=== EXERCISE PROMPT ===
The answer must consist solely of the lines below starting at the one containing "300 kilo kaçak tütün ele geçirildi" and ending at the one containing "收聽Tyler Braden的Secret (Gravel", repeated exactly, with both ends included and all pictures omitted.

Stored items from a collection:
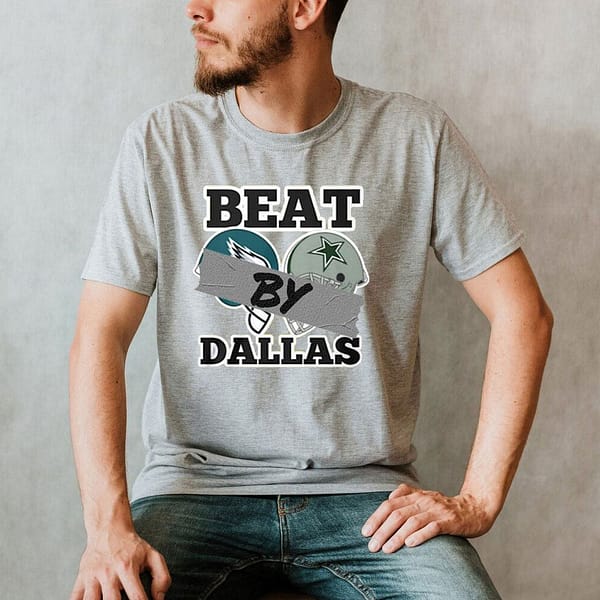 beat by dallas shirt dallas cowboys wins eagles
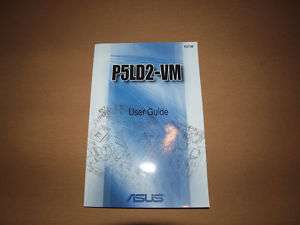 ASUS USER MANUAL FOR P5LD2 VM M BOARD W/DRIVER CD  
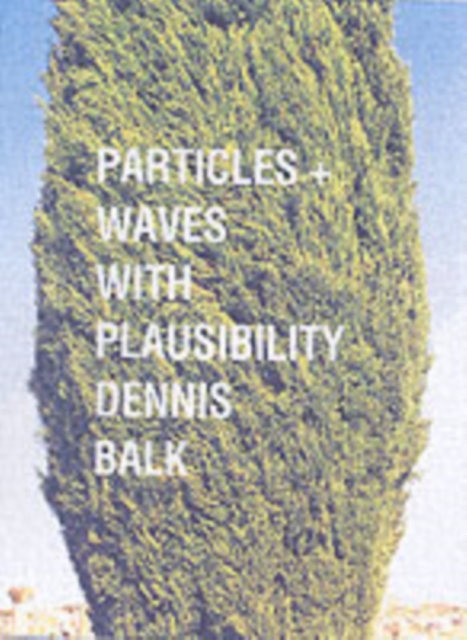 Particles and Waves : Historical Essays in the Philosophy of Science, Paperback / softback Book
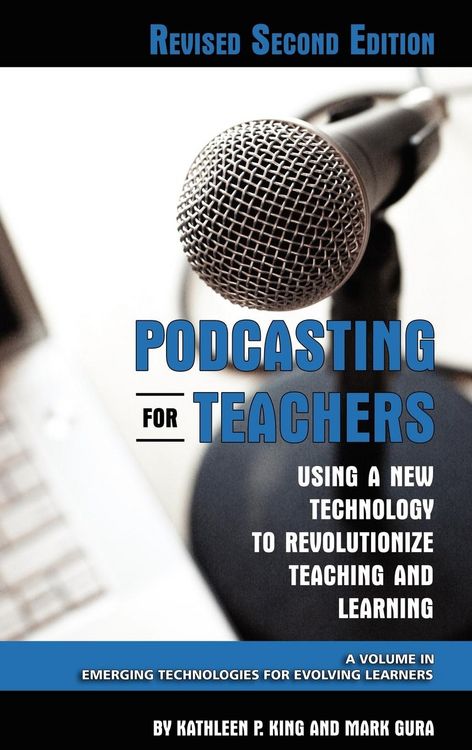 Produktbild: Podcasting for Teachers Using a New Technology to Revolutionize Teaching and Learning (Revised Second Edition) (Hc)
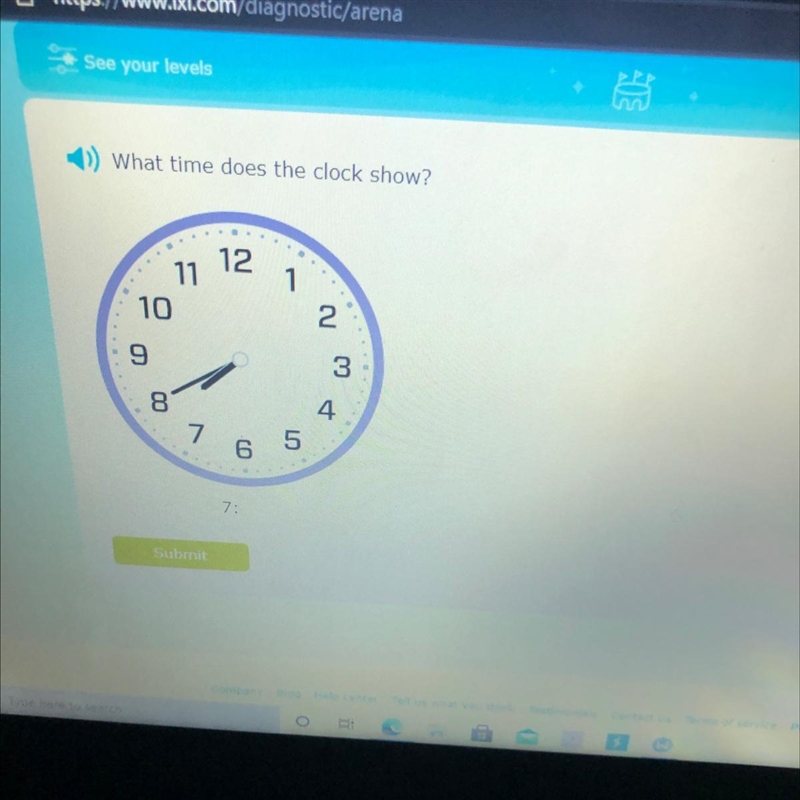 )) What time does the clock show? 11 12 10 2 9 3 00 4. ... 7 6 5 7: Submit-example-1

* * *

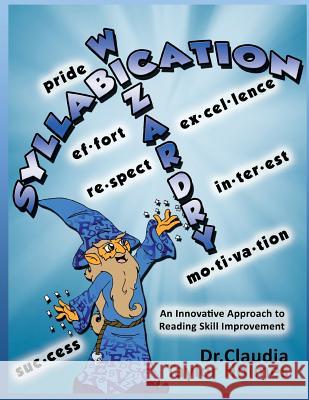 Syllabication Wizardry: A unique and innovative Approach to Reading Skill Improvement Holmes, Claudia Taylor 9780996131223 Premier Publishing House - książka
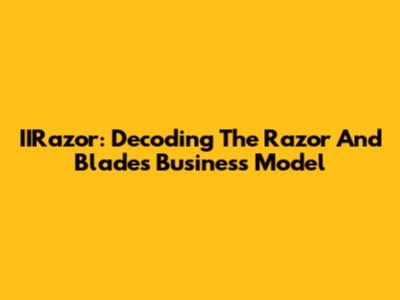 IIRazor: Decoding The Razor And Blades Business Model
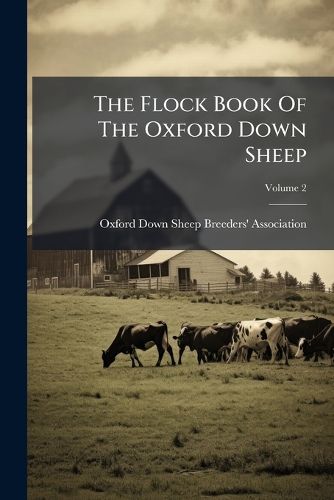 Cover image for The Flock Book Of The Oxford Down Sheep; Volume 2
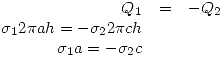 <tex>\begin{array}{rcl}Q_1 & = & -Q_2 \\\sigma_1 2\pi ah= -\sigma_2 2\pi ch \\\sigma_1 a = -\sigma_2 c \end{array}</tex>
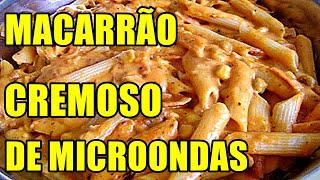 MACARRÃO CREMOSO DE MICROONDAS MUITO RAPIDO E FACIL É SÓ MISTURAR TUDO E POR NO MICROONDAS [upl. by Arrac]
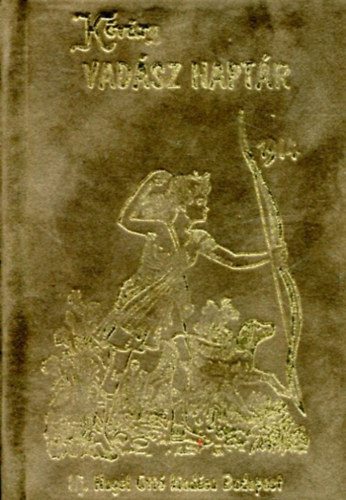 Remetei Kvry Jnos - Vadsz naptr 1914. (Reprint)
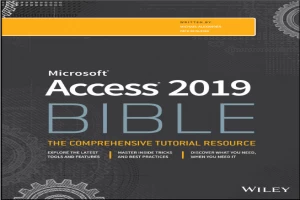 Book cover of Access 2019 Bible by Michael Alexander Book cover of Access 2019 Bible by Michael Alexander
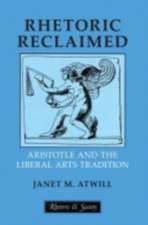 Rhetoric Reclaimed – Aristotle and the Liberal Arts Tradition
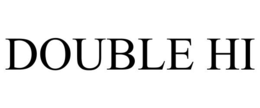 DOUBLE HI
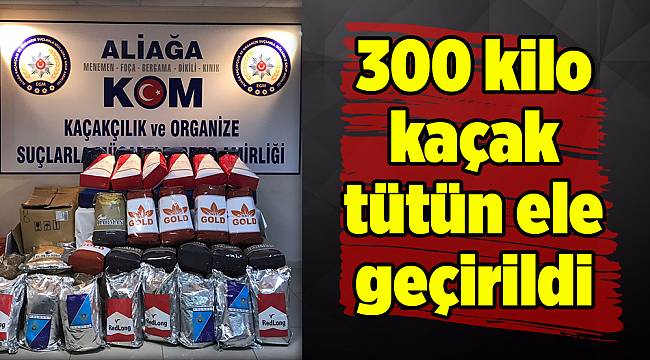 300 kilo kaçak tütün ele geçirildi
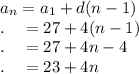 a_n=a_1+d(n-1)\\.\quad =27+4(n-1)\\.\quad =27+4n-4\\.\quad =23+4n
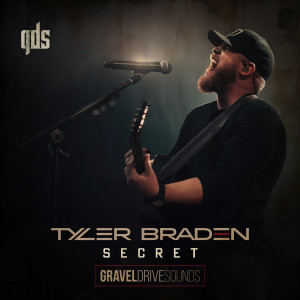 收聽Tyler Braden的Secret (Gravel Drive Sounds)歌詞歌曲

* * *

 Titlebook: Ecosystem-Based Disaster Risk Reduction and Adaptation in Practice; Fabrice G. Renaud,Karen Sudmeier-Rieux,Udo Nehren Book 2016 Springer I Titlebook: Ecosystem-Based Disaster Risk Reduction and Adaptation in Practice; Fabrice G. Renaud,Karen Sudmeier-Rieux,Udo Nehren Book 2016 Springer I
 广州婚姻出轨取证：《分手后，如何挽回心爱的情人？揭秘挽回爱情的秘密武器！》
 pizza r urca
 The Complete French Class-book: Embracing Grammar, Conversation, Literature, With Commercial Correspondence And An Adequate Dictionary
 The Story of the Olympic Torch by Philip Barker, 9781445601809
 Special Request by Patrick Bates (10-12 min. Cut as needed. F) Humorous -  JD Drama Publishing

=== FINISHED EXERCISE ===
 300 kilo kaçak tütün ele geçirildi
 a_n=a_1+d(n-1)\\.\quad =27+4(n-1)\\.\quad =27+4n-4\\.\quad =23+4n
 收聽Tyler Braden的Secret (Gravel Drive Sounds)歌詞歌曲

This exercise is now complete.